SEMICeu / DCAT-AP

This is the issue tracker for the maintenance of DCAT-AP
https://joinup.ec.europa.eu/solution/dcat-application-profile-data-portals-europe
74 stars 24 forks source link

Scope of DCAT-AP #123

Closed heidivanparys closed 2 years ago

heidivanparys commented 4 years ago

Given the discussion in w3c/dxwg#1221 , it would be good if extra information on the scope of DCAT-AP could be added to the specification.

I guess that when the Commission refers to datasets, the meaning of dataset is supposed to be rather narrow, so that DCAT-AP is not intended to be used for software catalogs, or solutions catalogs such as Joinup.

bertvannuffelen commented 4 years ago

@heidivanparys indeed this is worth a discussion.

One of the aspects is the relationship with the Open Data portals. Is DCAT-AP a specification for datasets on Open Data portals? Or is it a specification for any digital object in a catalog operated by a government agency.

For instance the discussion https://github.com/w3c/dxwg/issues/1221 mentions Joinup. Joinup is using ADMS-AP which maps onto DCAT. So we technically can merge the Joinup catalog with the EDP to one DCAT catalogue. A user would not see the difference between an entry from Joinup or from e.g. the Dutch Open Data portal. This is aggregated catalog one that is being targetted by DCAT-AP? Or not?
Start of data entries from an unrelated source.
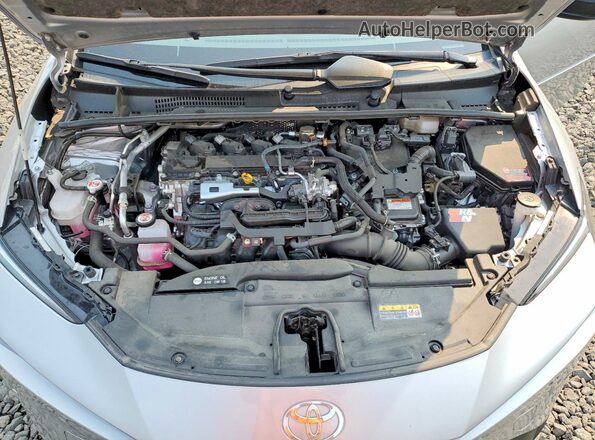 JTDADABUXS3026752 2025 TOYOTA PRIUS Silver Rear interior view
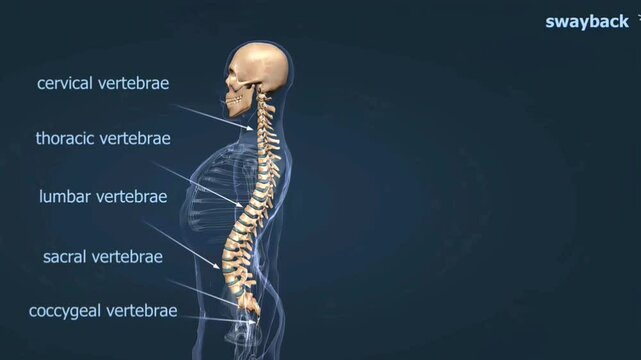 Swayback condition of the spine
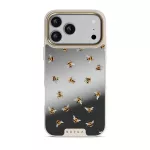 Honeycomb - iPhone 17 Pro Max Case, Elite Mirror Light (MagSafe) / Gold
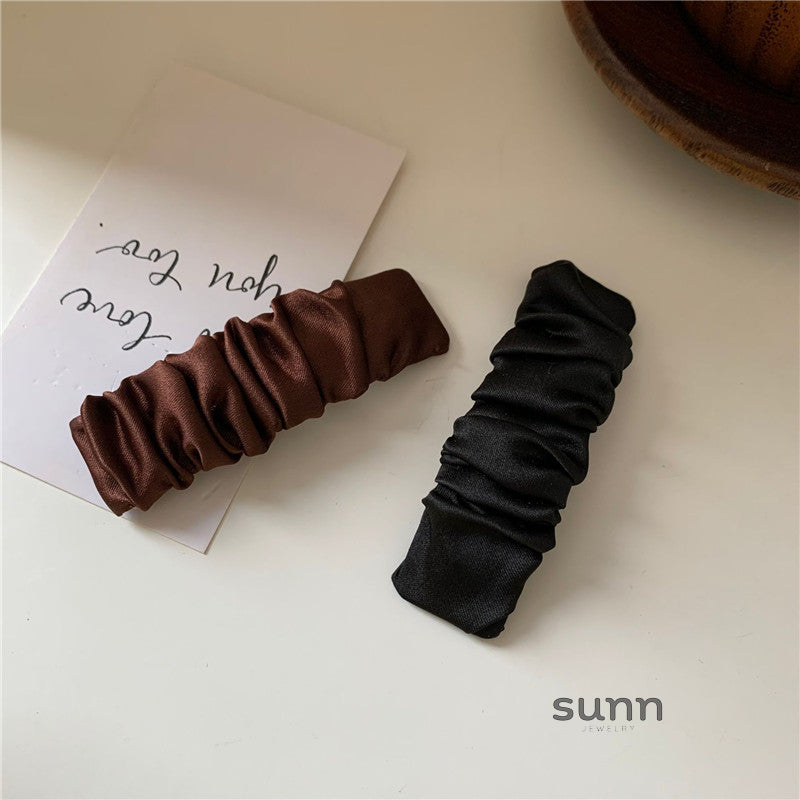 Luci Pleated Bow Hair Clip [RTOHTAWI]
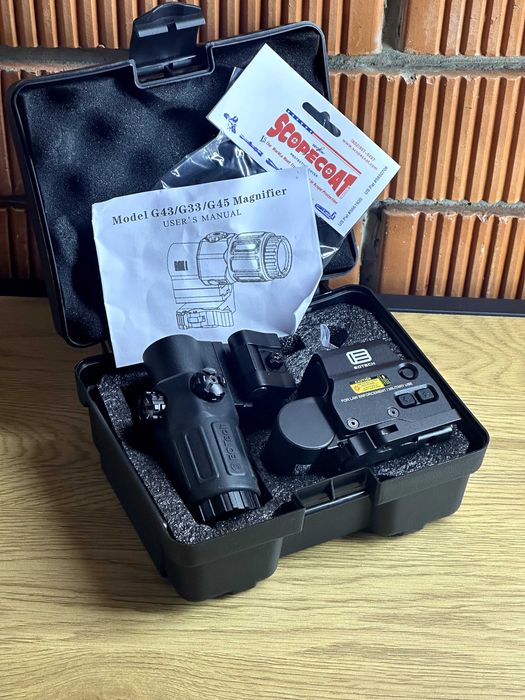 Коллиматорный прицел Eotech 558 с магнифером G33
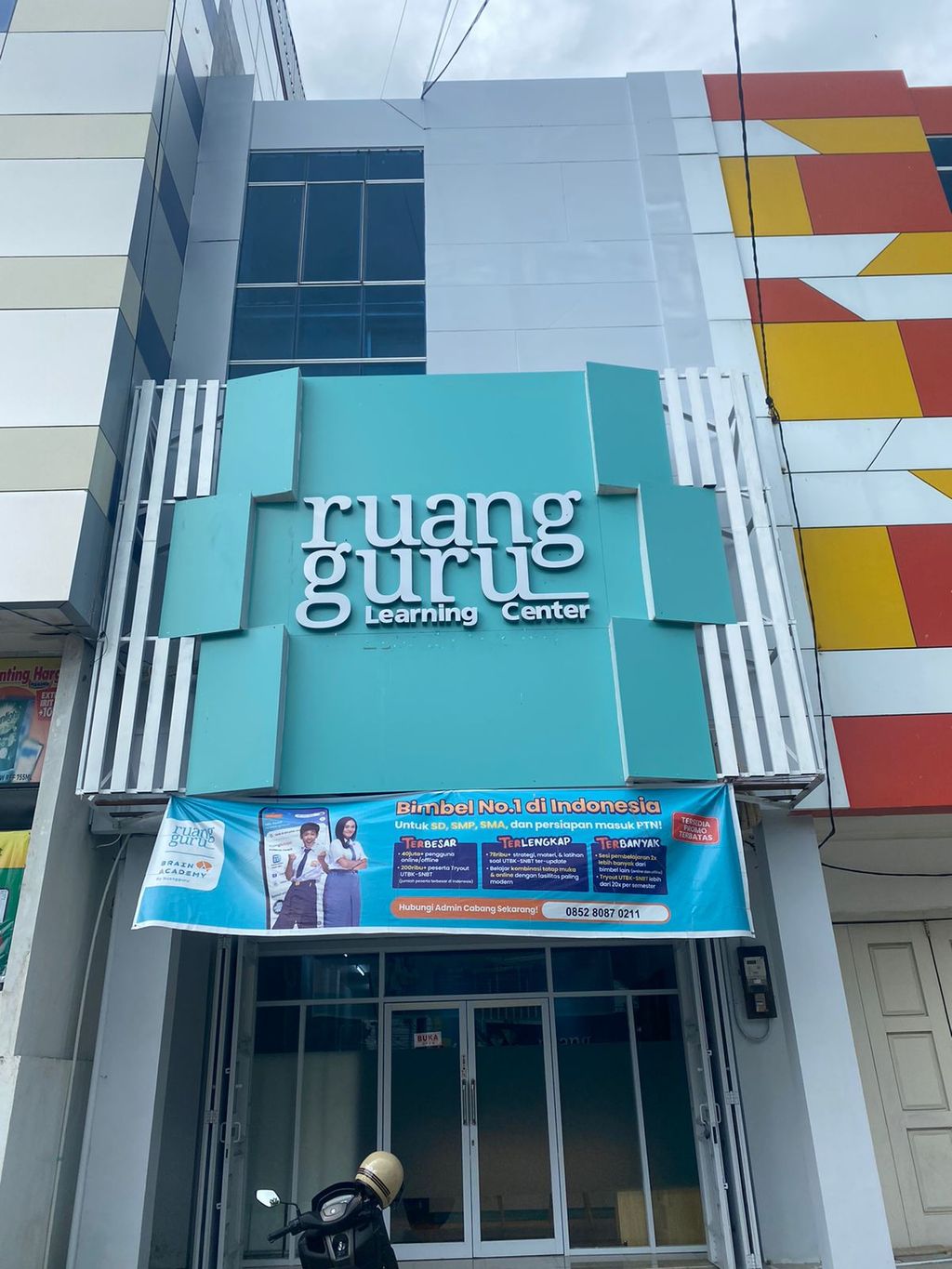 Palu bagian depan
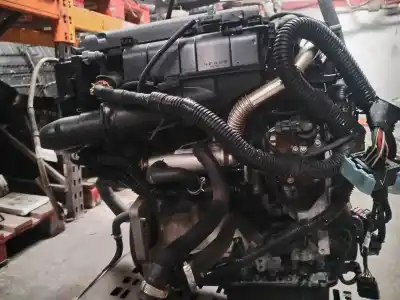 Second-hand car spare part complete engine for peugeot bipper básico oem iam references 8hs  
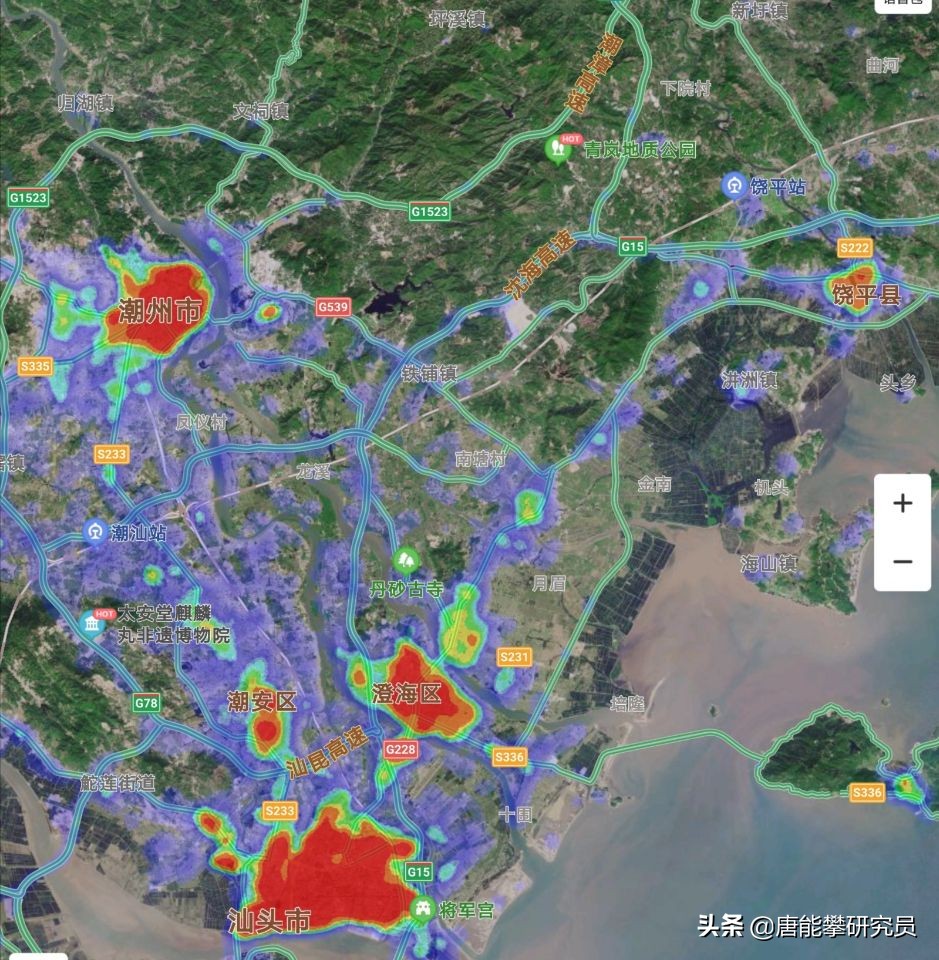 饶平vs惠来,潮州饶平县经济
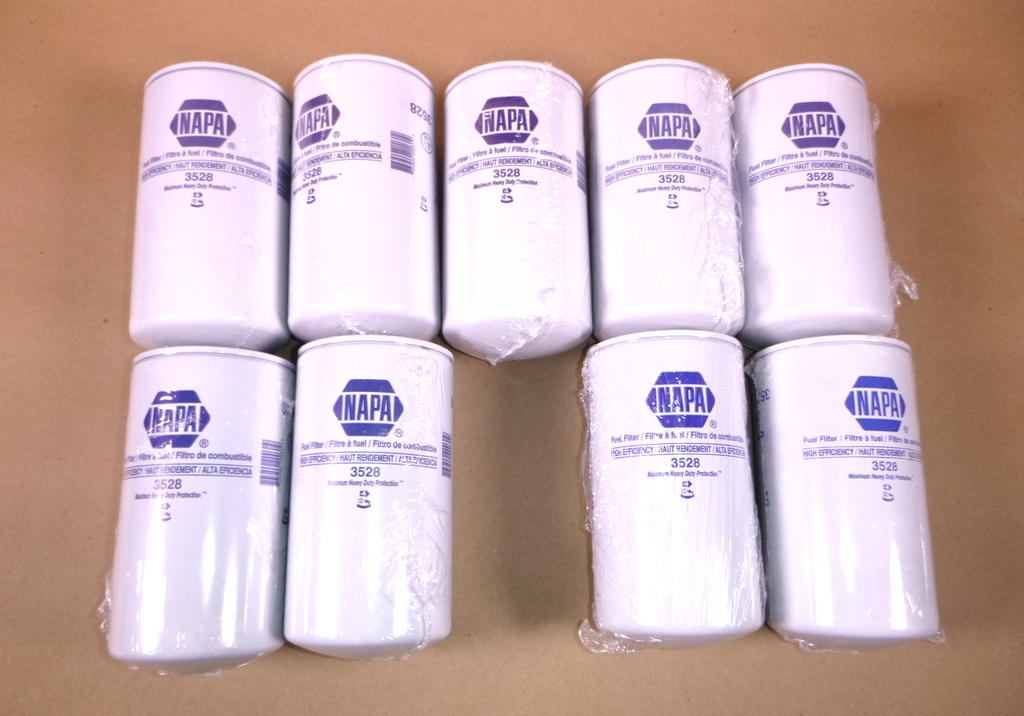 (Lot of 9) NAPA Fuel Filter 3528 Equal To 1R-0750, P551313, FF5320 | Replacement Truck Parts, Trailer Accessories, Automobile Supplies, Car Parts & Accessories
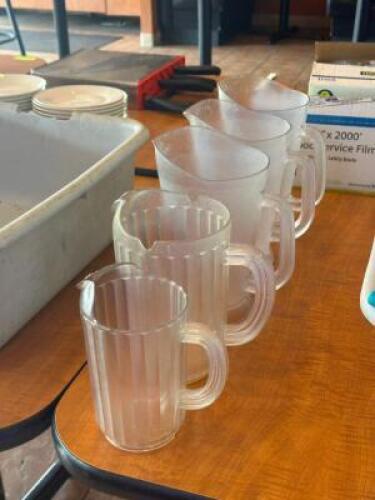 (5) - BEVERAGE PITCHERS
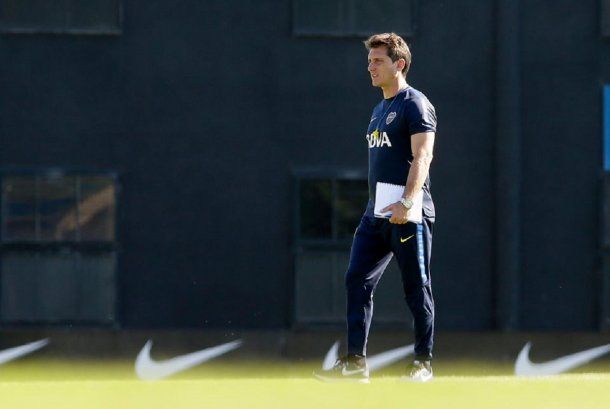 Guillermo Barros Schelotto en Boca - Crédito: Facebook Boca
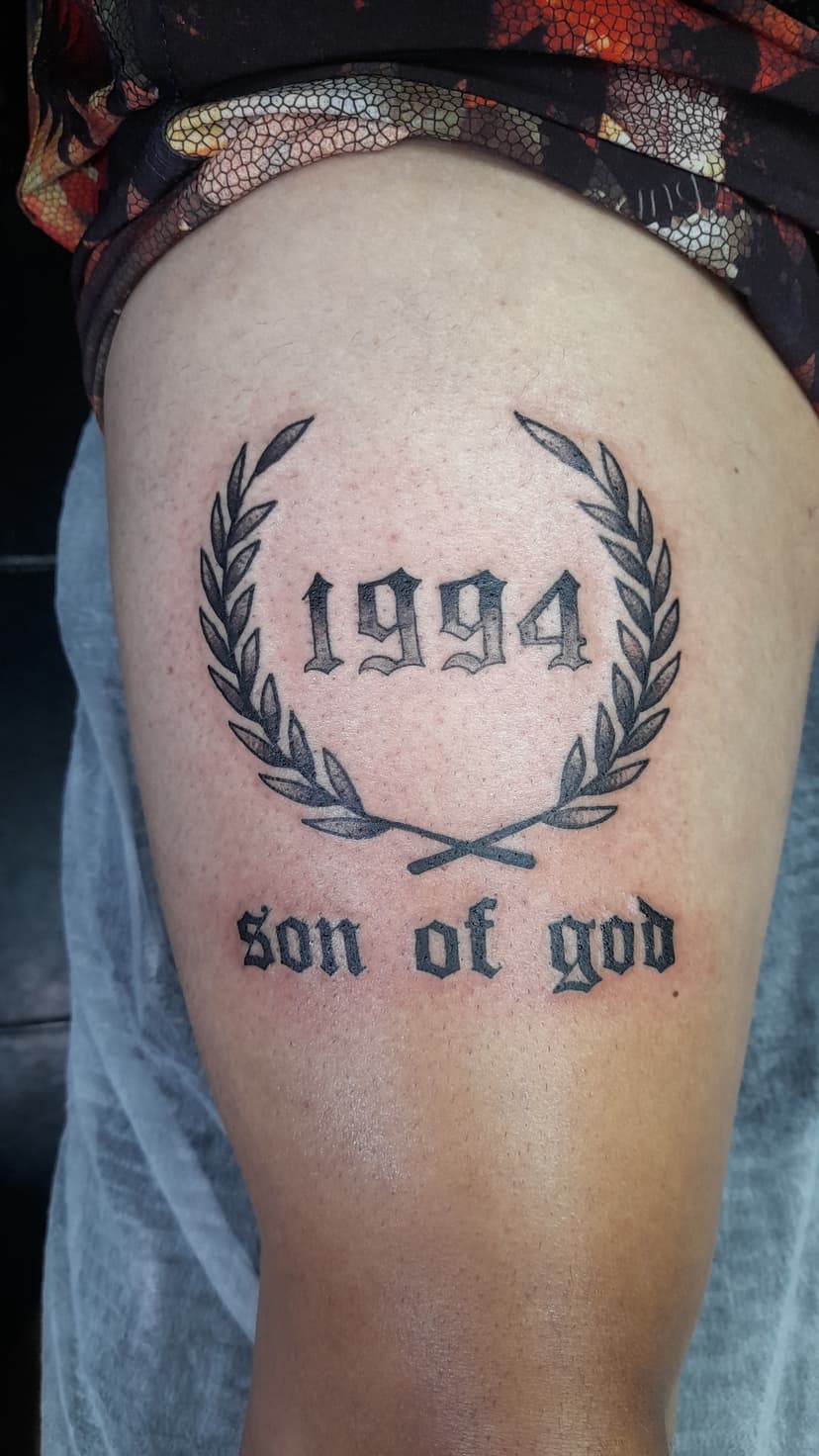 Trabalho de tatuador por Jones Tatuador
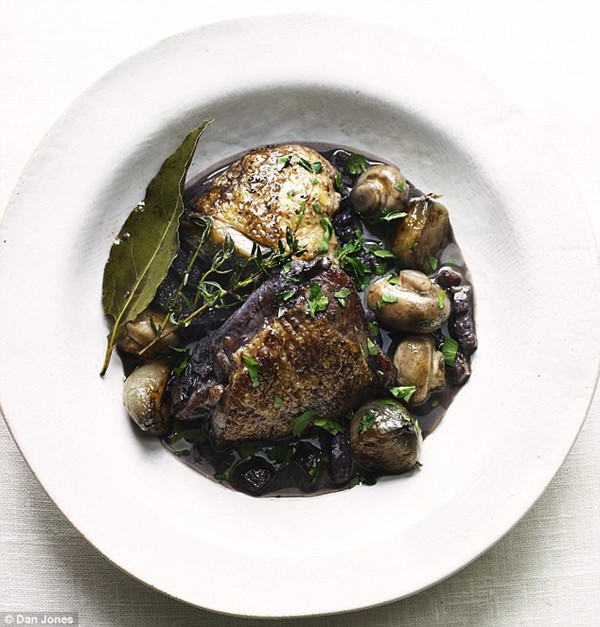 Ultimate coq au vin
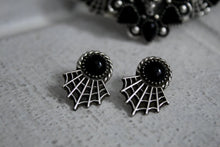 Load image into Gallery viewer, Web Earrings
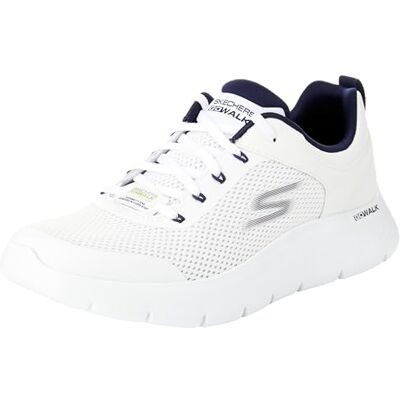 Skechers Go Walk Flex - Pour Hommes, Blanc, Taille 41 EU - Publicité Skechers Go Walk Flex - Pour Hommes, Blanc, Taille 41 EU - Publicité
A third initiative to be taken into consideration is https://joinup.ec.europa.eu/solution/abr-specification-registry-registries/document/draft-specification-bregdcat-ap-v102 Again here is that a further specialisation of DCAT-AP, or it is a separate specification based on DCAT. So a new member of the DCAT family with it own goals and purposes?

Finally, but maybe something for an implementation guideline is the level of granularity of a dataset. If a DCAT-AP catalogue is created as the aggregation of other DCAT-AP catalogues the user interface to the aggregated catalogue will have a good user experience if the datasets are of the same granualarity. However if the granularity is widely different, statistics nor UX will be meaningfull. E.g. Eurostat could deliver their data as 1 dataset (a hugh cube with 1000's of dimension), or as 10000 datasets (according to the legal names in the legislation) or as 100000's of datasets (a slice per year and memberstate). For a harvesting catalogue like the EDP, if one Memberstate applies option a) another b) and another c) then UX will be difficult, but also the reporting (how many datasets) is very vague.

@ our DCAT-AP community: what are the key elements to which define the DCAT-AP application context?

jakubklimek commented 4 years ago

@bertvannuffelen regarding dataset granularity, based on our experience from Czechia (where we indeed have different dataset granularity levels in our open data portal) I can confirm that this is something that hurts both UX and statistics. The statistics to the level of making them totally irrelevant (number of datasets).

However, I do not think that this is for DCAT-AP to solve, as each publisher and each consumer may simply have different use cases - some need granular datasets (e.g. addresses in one town) and some need the complete picture (addresses in the whole Czechia - currently 6500+ datasets). We currently aim to solve this partially by using dcterms:isPartOf (as, unfortunately, a proper dataset series solution was dropped from DCAT2 and we cannot wait for DCAT3 anymore). Therefore, while we will still have a high number of granular datasets, there will be also the "whole picture" dataset, grouping the granular ones, making the data downloadable by a simple script.

This is just to illustrate that there are use cases for various granularities of datasets, and therefore it seems out of scope for DCAT-AP to create any constraints in this manner. On the contrary, it is an indication of need for dataset series.

bertvannuffelen commented 2 years ago

During WG 15 sept 2021 and WG 21 Oct 2021, the wg was presented an approach to address the questions related to this issue. The result is an updated UML diagram and an usage guideline for Datasets, Distributions and Data Services.

The discussion did not address the high level discussion about the business scope for DCAT-AP. Clarifying this will be part of the planned future work.